Top Ten Risks for 2022
- Pandemic-related government policies and regulations impact business performance
- Succession challenges, ability to attract and retain top talent
- Pandemic-related market conditions reduce customer demand
- Adoption of digital technologies requires new skills or significant efforts to upskill/reskill existing employees
- Economic conditions, including inflationary pressures, constrain growth opportunities
- Increasing labour costs impact profitability targets
- Resistance to change operations and the business model
- Inability to utilise data analytics and ‘big data’ to achieve market intelligence and increase productivity and efficiency
- Cyber threats
- Shifts in expectations about social issues and diversity, equity and inclusion (DEI) outpace organisational response
Top Ten Risks for 2031
- Adoption of digital technologies requires new skills or significant efforts to upskill/reskill existing employees
- Succession challenges, ability to attract and retain top talent
- Rapid spread of disruptive innovation outpaces our ability to compete
- Substitute products or services arise that affect our business model
- Economic conditions, including inflationary pressures, constrain growth opportunities
- Entrance of new competitors and other industry changes threaten market share
- Impact of regulatory change and scrutiny on operational resilience, products and services
- Resistance to change operations and the business model
- Hybrid work environment and changes in nature of work challenge ability to compete
- Inability to utilise data analytics and ‘big data’ to achieve market intelligence and increase productivity and efficiency
“People and culture are at the top of the agenda,” he said, contextualising the risks on both lists. “Whatever happens, it’s all about people and culture now, and in ten years.

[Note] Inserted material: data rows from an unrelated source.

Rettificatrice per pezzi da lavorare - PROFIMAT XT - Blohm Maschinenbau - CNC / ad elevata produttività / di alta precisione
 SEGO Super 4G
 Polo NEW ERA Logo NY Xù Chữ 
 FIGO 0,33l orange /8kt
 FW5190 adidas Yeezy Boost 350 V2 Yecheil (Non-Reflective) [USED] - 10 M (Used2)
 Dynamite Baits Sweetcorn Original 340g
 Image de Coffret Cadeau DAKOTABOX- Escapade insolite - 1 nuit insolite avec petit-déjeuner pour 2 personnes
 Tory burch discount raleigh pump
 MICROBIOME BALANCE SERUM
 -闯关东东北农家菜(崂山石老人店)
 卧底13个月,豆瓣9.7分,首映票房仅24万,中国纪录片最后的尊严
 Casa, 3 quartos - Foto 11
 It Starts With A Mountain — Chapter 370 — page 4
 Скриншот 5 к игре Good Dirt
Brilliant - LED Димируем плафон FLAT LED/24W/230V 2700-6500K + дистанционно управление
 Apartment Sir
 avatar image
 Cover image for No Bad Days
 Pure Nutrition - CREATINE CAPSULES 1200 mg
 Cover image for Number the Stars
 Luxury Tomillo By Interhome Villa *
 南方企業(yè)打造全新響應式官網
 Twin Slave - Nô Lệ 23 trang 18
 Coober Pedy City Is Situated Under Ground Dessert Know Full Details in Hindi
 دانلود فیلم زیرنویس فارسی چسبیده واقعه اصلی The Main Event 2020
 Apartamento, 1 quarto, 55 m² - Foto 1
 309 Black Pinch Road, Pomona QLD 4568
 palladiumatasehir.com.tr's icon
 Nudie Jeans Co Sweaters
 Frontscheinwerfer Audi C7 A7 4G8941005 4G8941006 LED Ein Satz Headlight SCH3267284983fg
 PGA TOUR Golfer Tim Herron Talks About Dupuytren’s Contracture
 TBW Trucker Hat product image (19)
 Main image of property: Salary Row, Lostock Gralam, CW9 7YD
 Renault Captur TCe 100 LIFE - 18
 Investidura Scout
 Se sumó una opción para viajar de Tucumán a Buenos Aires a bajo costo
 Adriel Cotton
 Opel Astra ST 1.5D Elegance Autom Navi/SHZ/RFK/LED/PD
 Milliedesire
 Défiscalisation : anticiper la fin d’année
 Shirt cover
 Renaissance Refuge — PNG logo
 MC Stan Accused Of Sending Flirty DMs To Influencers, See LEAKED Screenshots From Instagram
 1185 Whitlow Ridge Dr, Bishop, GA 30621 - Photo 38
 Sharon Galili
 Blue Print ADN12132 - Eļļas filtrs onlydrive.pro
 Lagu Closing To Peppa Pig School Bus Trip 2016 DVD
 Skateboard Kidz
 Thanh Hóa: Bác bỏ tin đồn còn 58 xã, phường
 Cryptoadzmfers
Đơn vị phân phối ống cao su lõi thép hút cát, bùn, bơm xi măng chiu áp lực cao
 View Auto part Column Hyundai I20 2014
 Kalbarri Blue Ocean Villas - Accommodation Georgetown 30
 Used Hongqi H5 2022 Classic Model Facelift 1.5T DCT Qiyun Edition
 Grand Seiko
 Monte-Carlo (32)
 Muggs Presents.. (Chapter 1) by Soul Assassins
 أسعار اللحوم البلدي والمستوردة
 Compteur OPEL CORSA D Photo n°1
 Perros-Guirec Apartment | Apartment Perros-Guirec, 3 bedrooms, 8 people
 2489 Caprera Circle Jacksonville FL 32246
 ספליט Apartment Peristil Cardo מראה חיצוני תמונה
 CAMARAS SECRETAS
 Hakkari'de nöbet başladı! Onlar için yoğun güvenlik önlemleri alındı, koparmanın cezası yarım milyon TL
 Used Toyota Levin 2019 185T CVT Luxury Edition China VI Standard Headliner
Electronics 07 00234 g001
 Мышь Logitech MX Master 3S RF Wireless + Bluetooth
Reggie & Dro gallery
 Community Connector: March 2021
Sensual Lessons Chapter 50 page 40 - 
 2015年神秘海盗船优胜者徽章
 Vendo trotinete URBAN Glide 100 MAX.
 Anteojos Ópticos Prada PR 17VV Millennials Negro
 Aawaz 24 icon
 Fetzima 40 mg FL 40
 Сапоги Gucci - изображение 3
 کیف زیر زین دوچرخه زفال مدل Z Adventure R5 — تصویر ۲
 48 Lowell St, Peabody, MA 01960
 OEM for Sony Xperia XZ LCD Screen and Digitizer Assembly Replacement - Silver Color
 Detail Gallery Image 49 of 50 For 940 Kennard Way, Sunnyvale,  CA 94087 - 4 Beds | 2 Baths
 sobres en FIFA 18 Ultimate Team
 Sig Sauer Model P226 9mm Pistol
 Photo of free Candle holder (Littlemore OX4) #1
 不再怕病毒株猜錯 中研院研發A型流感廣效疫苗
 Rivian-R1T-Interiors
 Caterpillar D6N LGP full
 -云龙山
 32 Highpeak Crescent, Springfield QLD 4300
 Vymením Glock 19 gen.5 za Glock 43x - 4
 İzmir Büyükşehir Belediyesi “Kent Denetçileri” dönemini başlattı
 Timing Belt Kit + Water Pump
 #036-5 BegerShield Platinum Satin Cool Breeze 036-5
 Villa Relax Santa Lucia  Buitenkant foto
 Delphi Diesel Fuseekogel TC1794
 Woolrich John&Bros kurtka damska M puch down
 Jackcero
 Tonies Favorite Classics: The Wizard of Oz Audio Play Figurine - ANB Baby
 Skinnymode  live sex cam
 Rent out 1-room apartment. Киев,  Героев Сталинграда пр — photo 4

We need to deal with this. Concern with the pandemic continues, and we will still see supply chain disruptions.” Emerging risks are important, and risk managers need to think differently. “The problem with risk managers is that they are too analytical in their thinking approaches – which does not support effective emerging risk identification practices. What is required is more synthetic and syncretic thinking for effective emerging risk identification,” he said. “We also need to support the entrepreneurs in our organisations so that our organisations can do better.”
Ramesh concluded by explaining there is increasing focus on ESG, particularly in the area of climate change; the pandemic has permanently altered the business landscape and global supply chain; and volatile geopolitical environments are exacerbating these further. Factors like cyber risks, sanctions, rising costs, shortages and a changing work environment are adding to the disruption. Organisations have to deal simultaneously with internal and external transformation challenges. They will have to adapt more quickly, and develop greater agility and flexibility to build better resilience and more effective sustainability.